◆ **Problem**: Repeat exactly the lines running from the first line of the data to the line containing "Tesla Model Y", both ends included, and nothing else; drop the pictures.

◆ **Given records**:
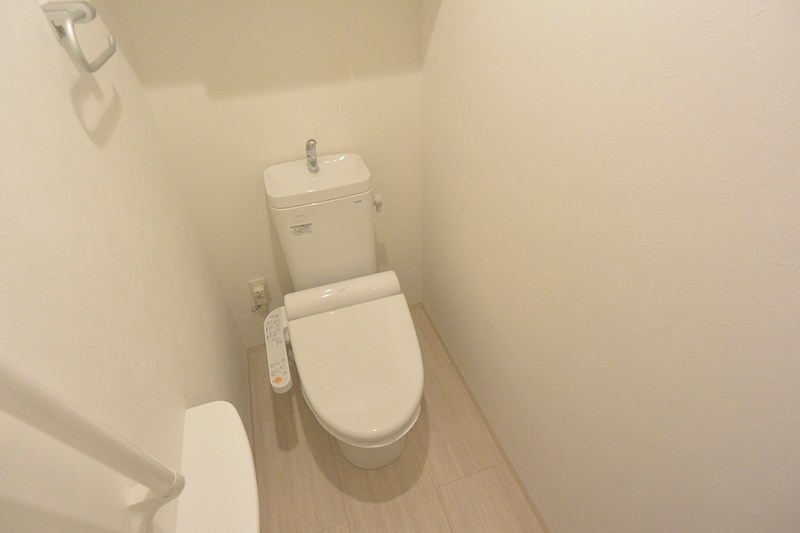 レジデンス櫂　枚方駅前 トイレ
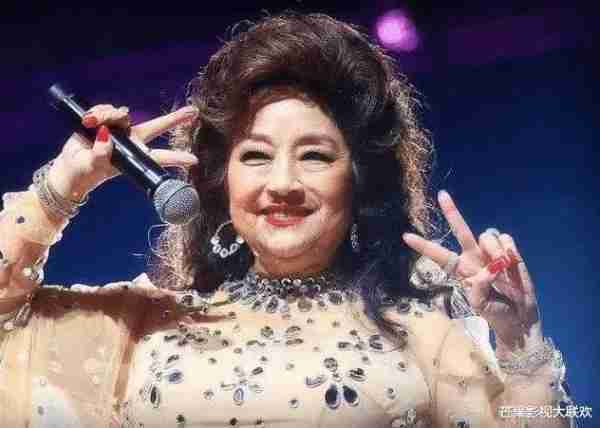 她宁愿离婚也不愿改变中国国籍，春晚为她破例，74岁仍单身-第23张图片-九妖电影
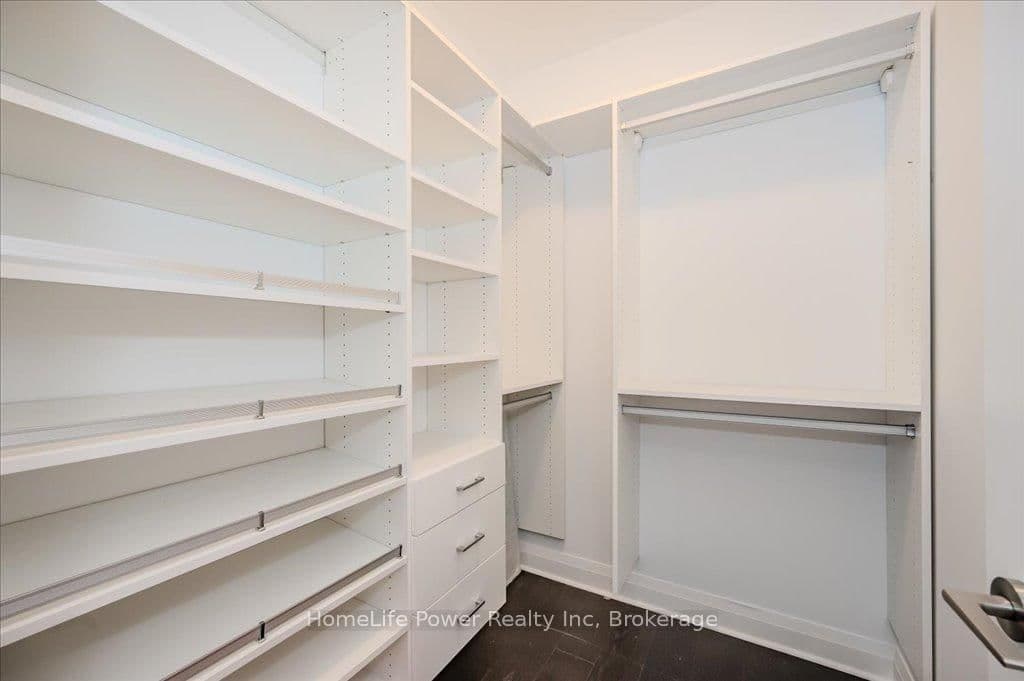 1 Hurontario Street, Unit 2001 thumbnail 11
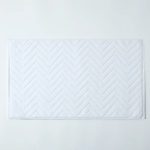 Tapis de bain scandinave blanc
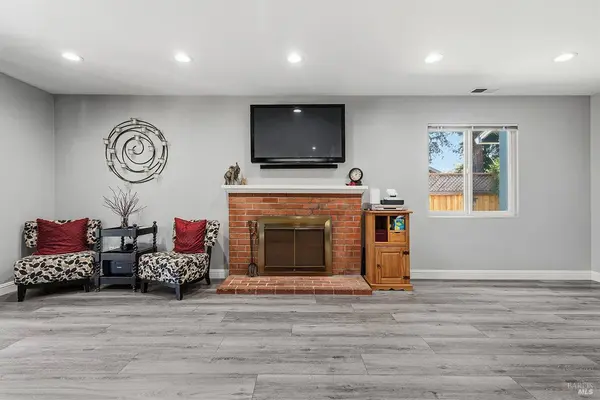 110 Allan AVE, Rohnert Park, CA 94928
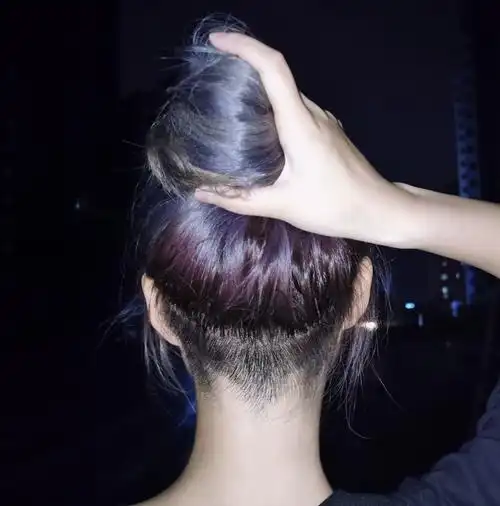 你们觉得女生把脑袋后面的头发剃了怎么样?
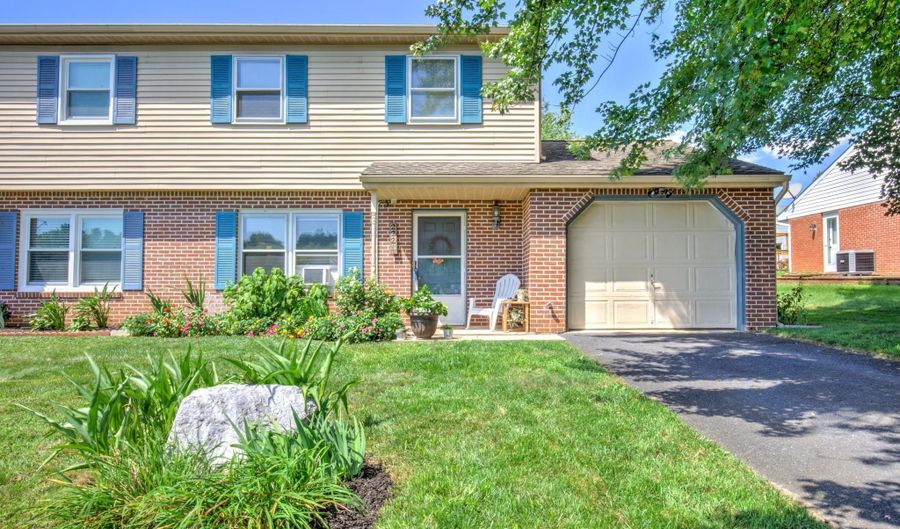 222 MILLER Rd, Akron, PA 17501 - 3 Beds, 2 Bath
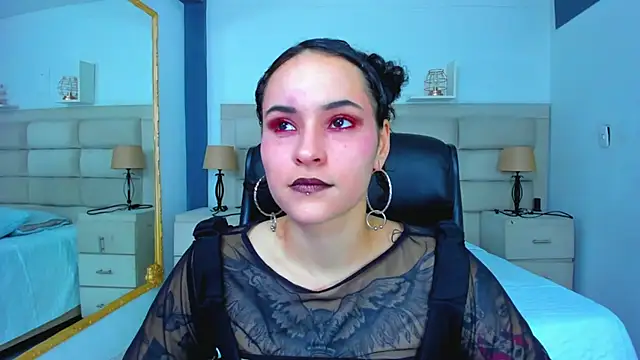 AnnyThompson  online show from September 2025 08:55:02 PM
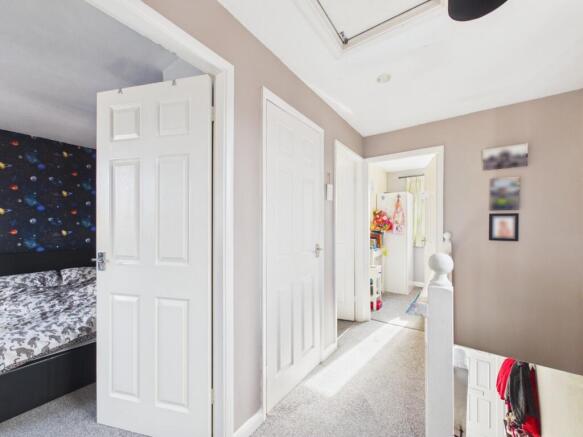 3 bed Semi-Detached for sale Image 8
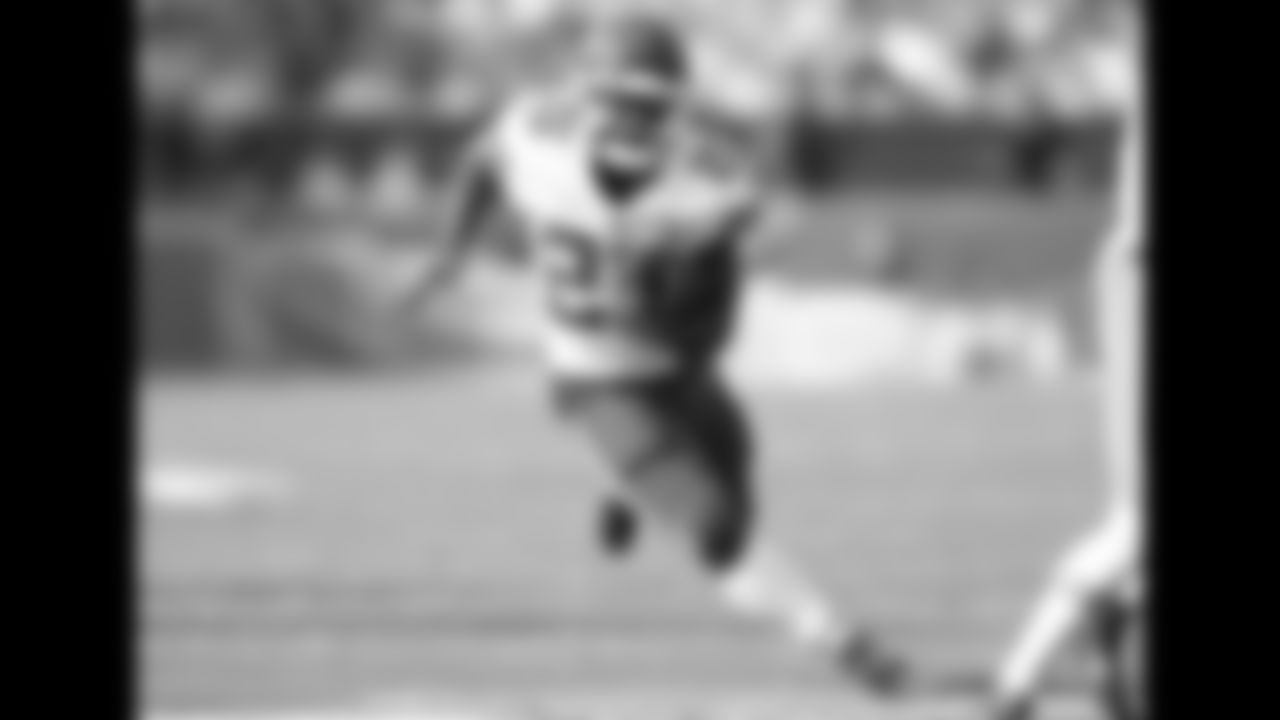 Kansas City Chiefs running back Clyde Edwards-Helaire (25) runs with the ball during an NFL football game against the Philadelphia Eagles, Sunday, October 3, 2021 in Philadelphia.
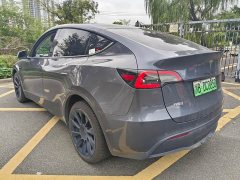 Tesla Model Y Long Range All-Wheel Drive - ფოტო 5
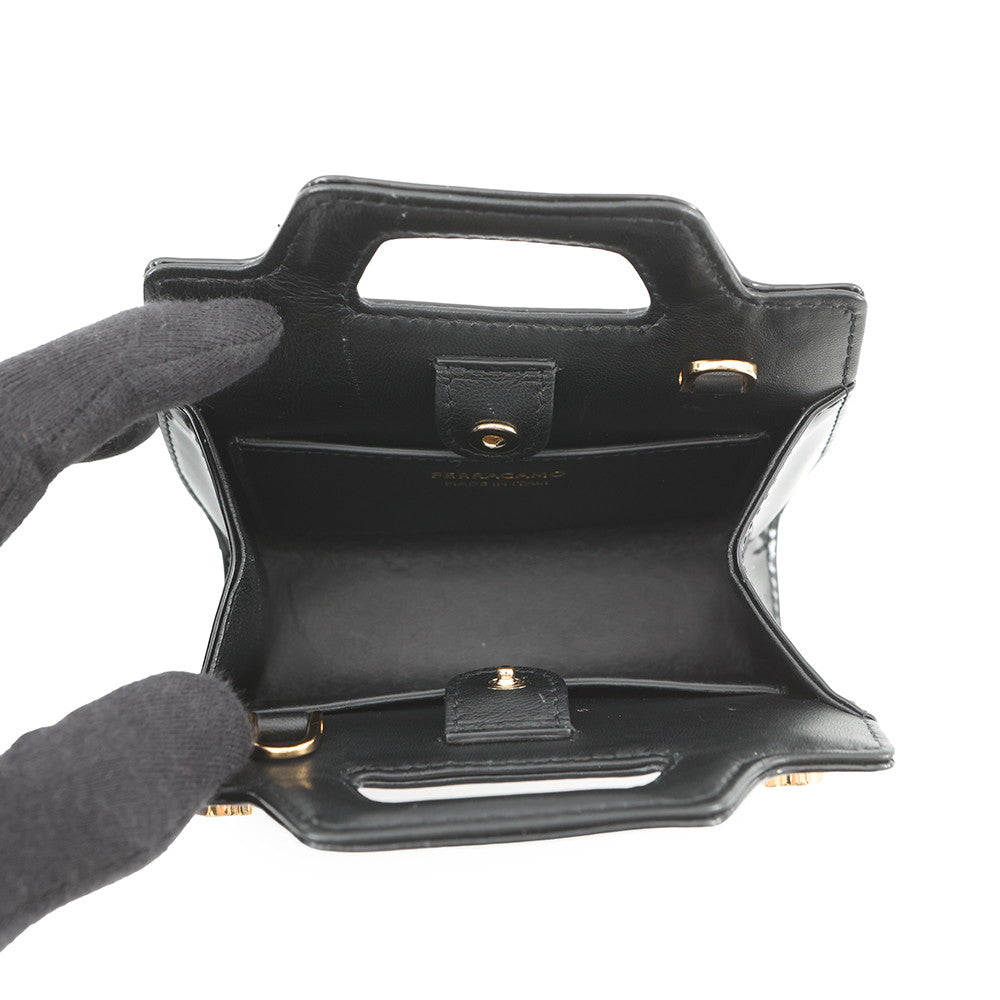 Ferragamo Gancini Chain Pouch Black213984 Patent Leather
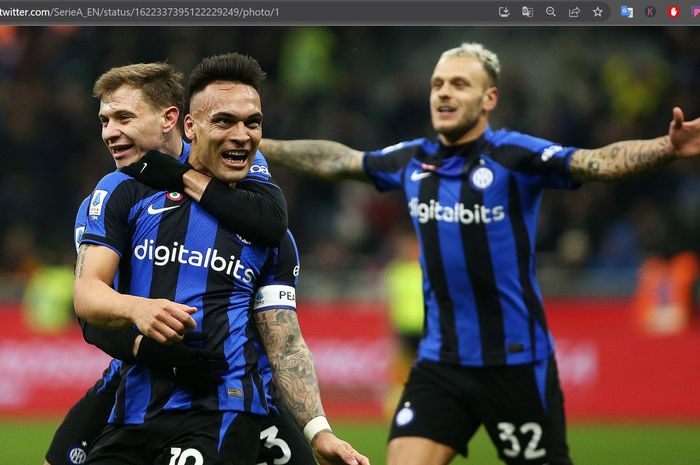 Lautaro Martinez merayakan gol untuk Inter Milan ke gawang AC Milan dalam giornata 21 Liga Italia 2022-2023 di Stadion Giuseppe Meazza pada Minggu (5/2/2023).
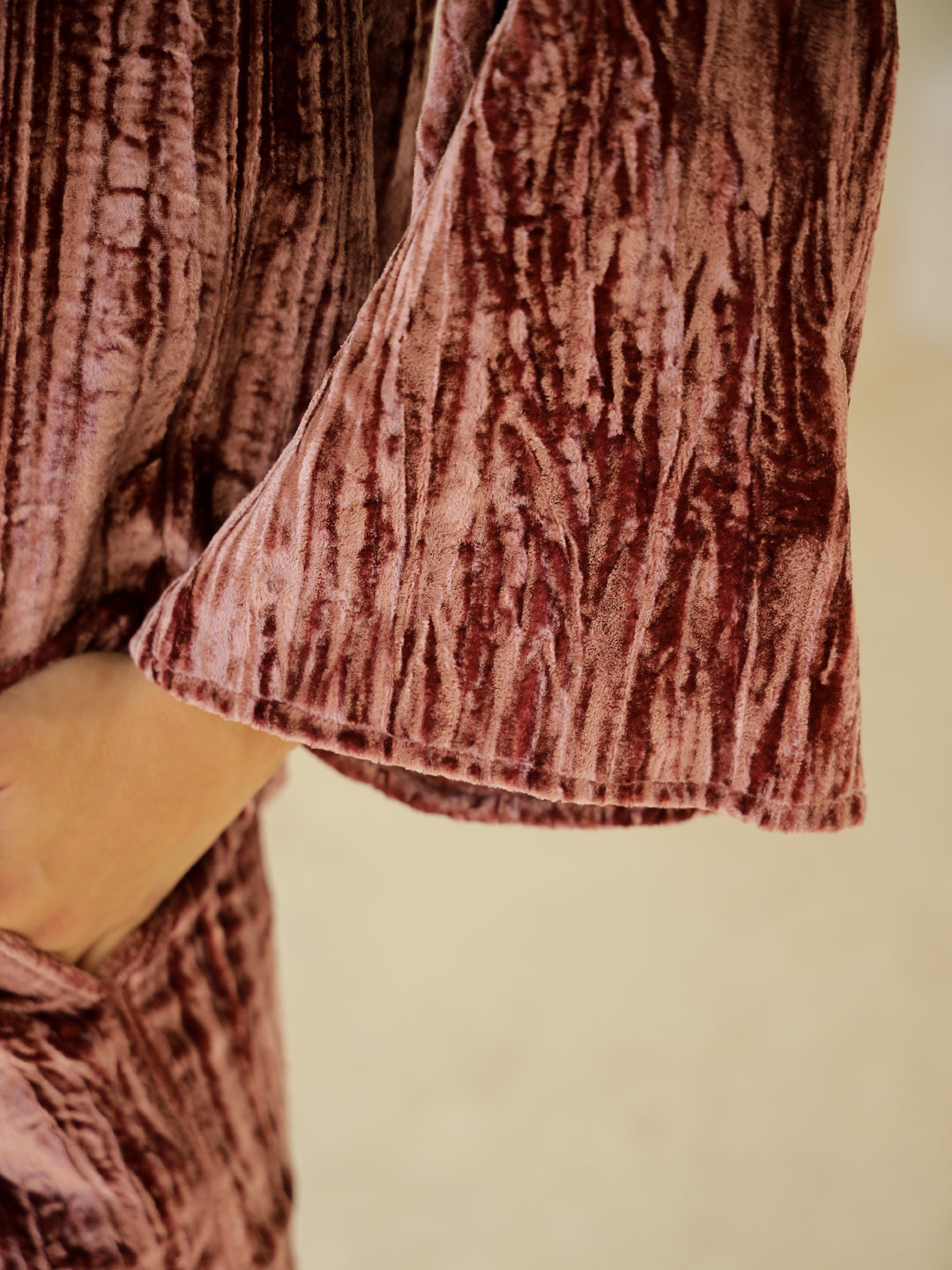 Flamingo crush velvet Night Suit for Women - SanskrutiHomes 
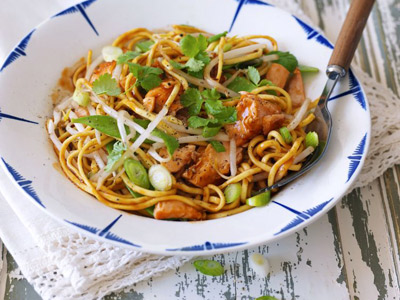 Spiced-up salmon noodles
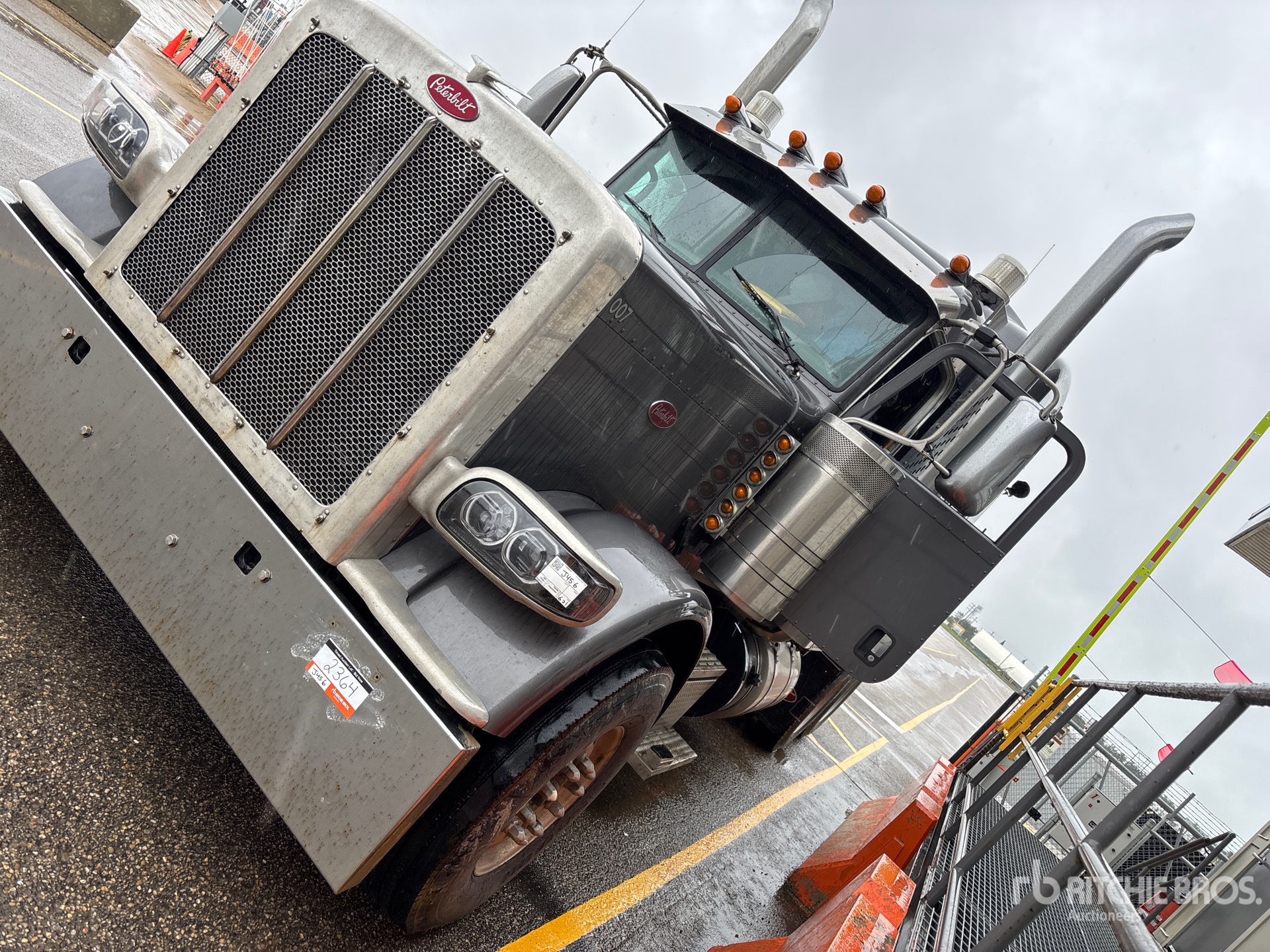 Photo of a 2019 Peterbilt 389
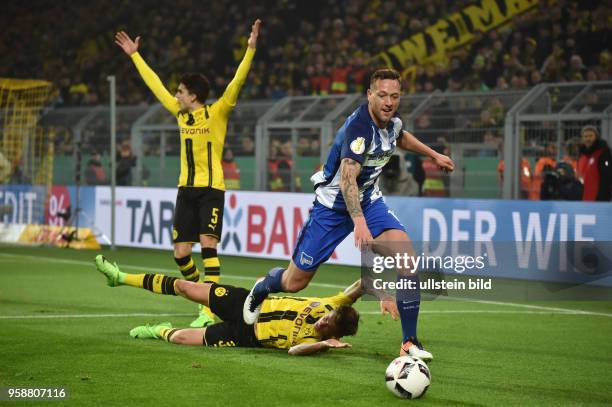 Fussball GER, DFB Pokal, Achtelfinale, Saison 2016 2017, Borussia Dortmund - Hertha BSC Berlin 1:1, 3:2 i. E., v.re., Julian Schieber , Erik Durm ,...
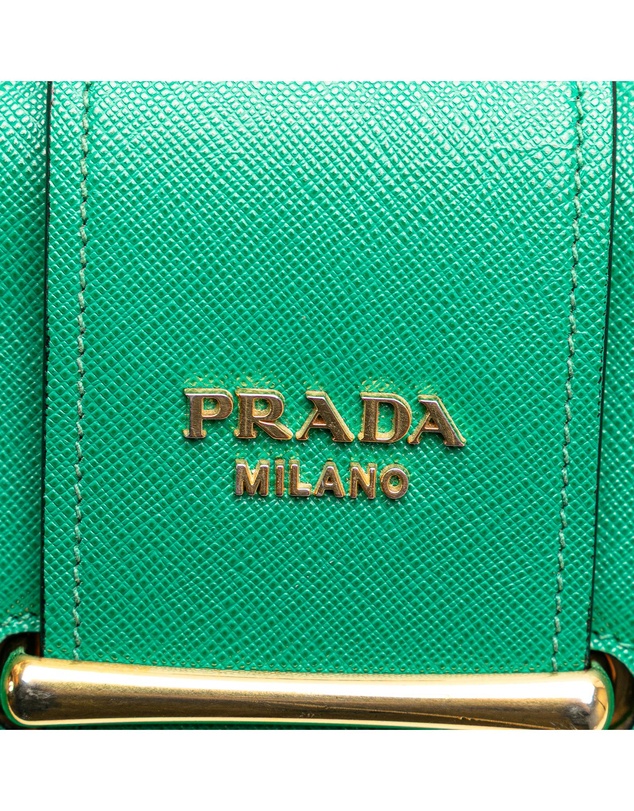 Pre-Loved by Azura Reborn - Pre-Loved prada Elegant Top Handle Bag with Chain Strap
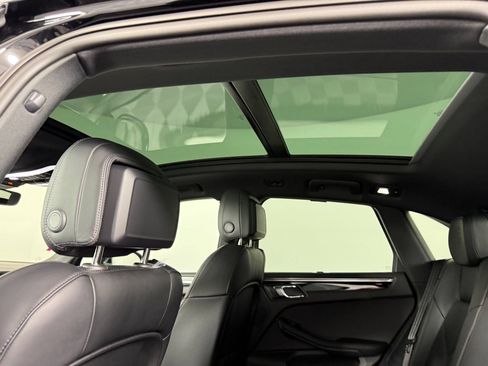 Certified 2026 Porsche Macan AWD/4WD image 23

◆ **Exercise result**:
 レジデンス櫂　枚方駅前 トイレ
 她宁愿离婚也不愿改变中国国籍，春晚为她破例，74岁仍单身-第23张图片-九妖电影
 1 Hurontario Street, Unit 2001 thumbnail 11
 Tapis de bain scandinave blanc
 110 Allan AVE, Rohnert Park, CA 94928
 你们觉得女生把脑袋后面的头发剃了怎么样?
 222 MILLER Rd, Akron, PA 17501 - 3 Beds, 2 Bath
 AnnyThompson  online show from September 2025 08:55:02 PM
 3 bed Semi-Detached for sale Image 8
 Kansas City Chiefs running back Clyde Edwards-Helaire (25) runs with the ball during an NFL football game against the Philadelphia Eagles, Sunday, October 3, 2021 in Philadelphia.
 Tesla Model Y Long Range All-Wheel Drive - ფოტო 5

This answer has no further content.